Don’t hold your breath


Greg aveva sempre odiato trattenere il fiato.
Quando era bambino, suo padre e suo zio avevano deciso che da grande lui sarebbe diventato un campione di nuoto, cosa che aveva lasciato il piccolo Greg piuttosto stupito, perché mai aveva espresso un desiderio in tal senso e i due adulti avevano deciso tutto senza consultarlo.

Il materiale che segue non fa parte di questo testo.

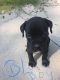 Boxer Puppies for sale in Toomsuba, MS 39364, USA. price: $600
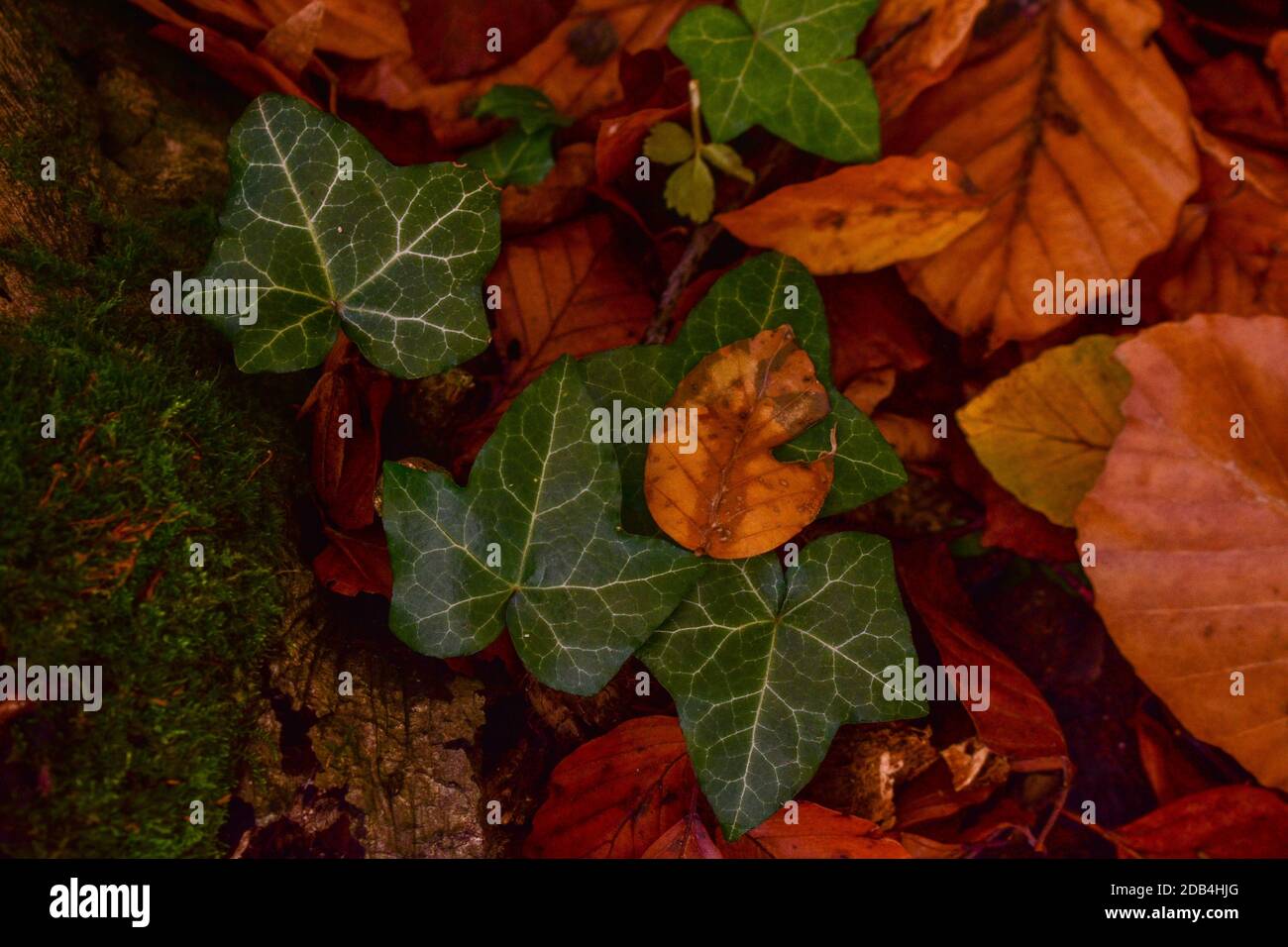 A closeup shot of autumn leaves in the forest Stock Photo - Alamy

Secondo i due una delle abilità principali che un nuotatore doveva possedere era riuscire a trattenere a lungo il fiato sott’acqua e fu una delle prime cose che cercarono di insegnargli in piscina.

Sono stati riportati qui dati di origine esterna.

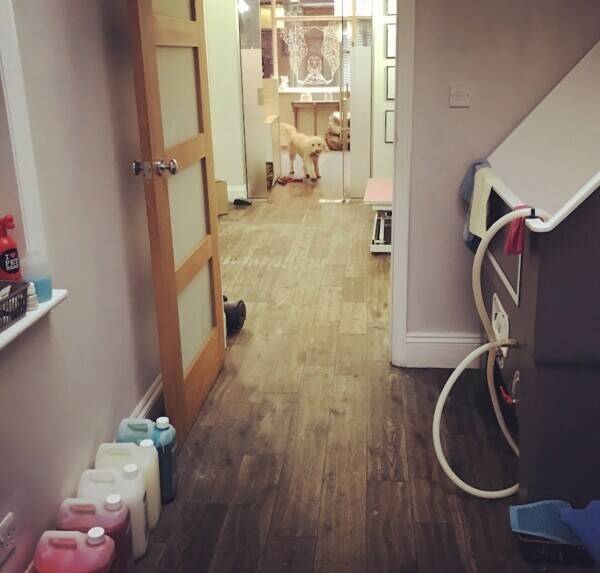 Highly rated Dog & Cat Grooming Salon & Boutique in affluent North London location  Photo 3
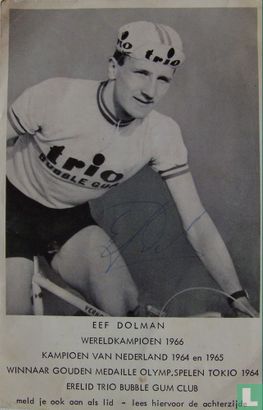 Dolman, Eef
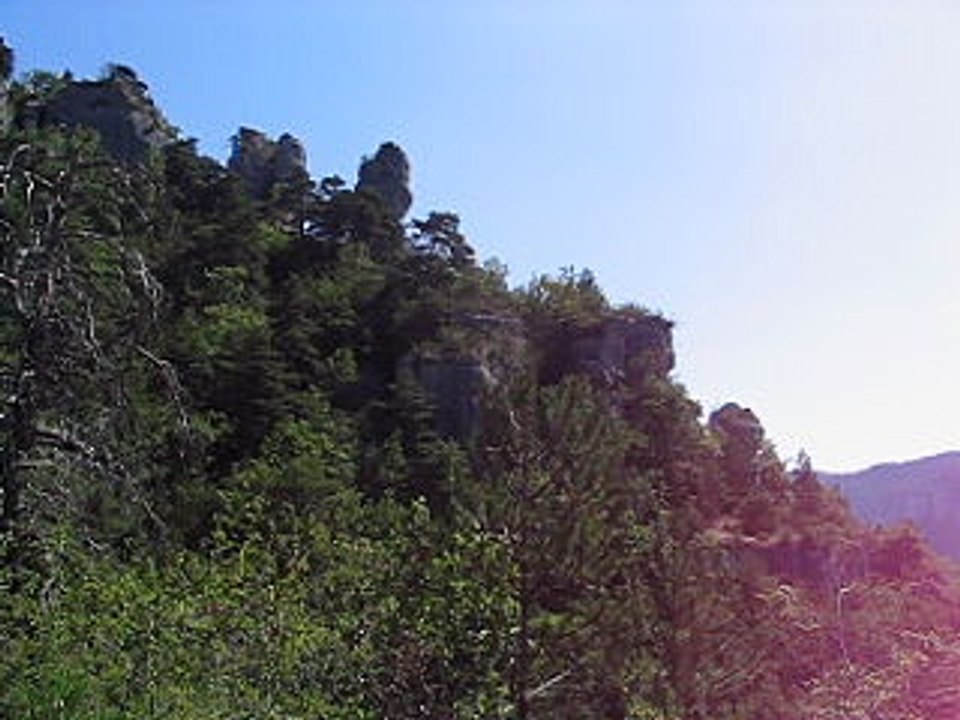 cigales
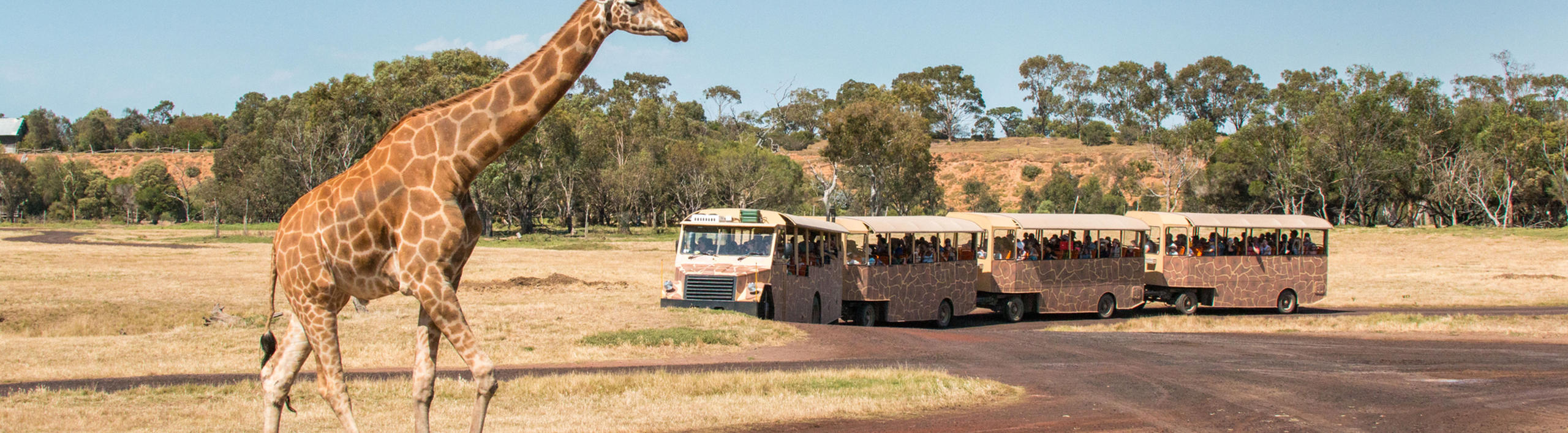 Giraffe walking in foreground across a grassy field. A bus with four carriages is driving in the background.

Il problema era che a Greg trattenere il fiato proprio non piaceva: detestava l’oppressione dell’acqua che lo circondava senza scampo, che entrava nelle orecchie e lo rendeva sordo e trovava terrificante la sensazione dell’aria intrappolata nei polmoni che premeva sulla gabbia toracica per essere espirata.
I suoi tempi di apnea erano sempre di pochi secondi e lentamente Greg prese in odio sia la piscina, sia quelle stupide lezioni di apnea: era sempre sul punto di dire a suo papà che non voleva più andarci e gli gravava sul petto la stessa sgradevole sensazione di quando tratteneva il fiato, ciò che lo tratteneva era solo il fatto di essere molto piccolo e non sapeva se si poteva dire di no a qualcosa deciso dai propri genitori.
“E’ solo che hai paura - diceva sempre suo zio prima di forzargli la testa sotto al pelo dell’acqua - col tempo passerà.”
Un giorno però l’uomo esagerò nel tenerlo in immersione e Greg inalò un po’ d’acqua. Nulla che l’infermeria della piscina non potesse curare, ma non appena si riprese, guardò suo papà negli occhi e glielo disse: “Odio venire in piscina, non voglio farlo più.”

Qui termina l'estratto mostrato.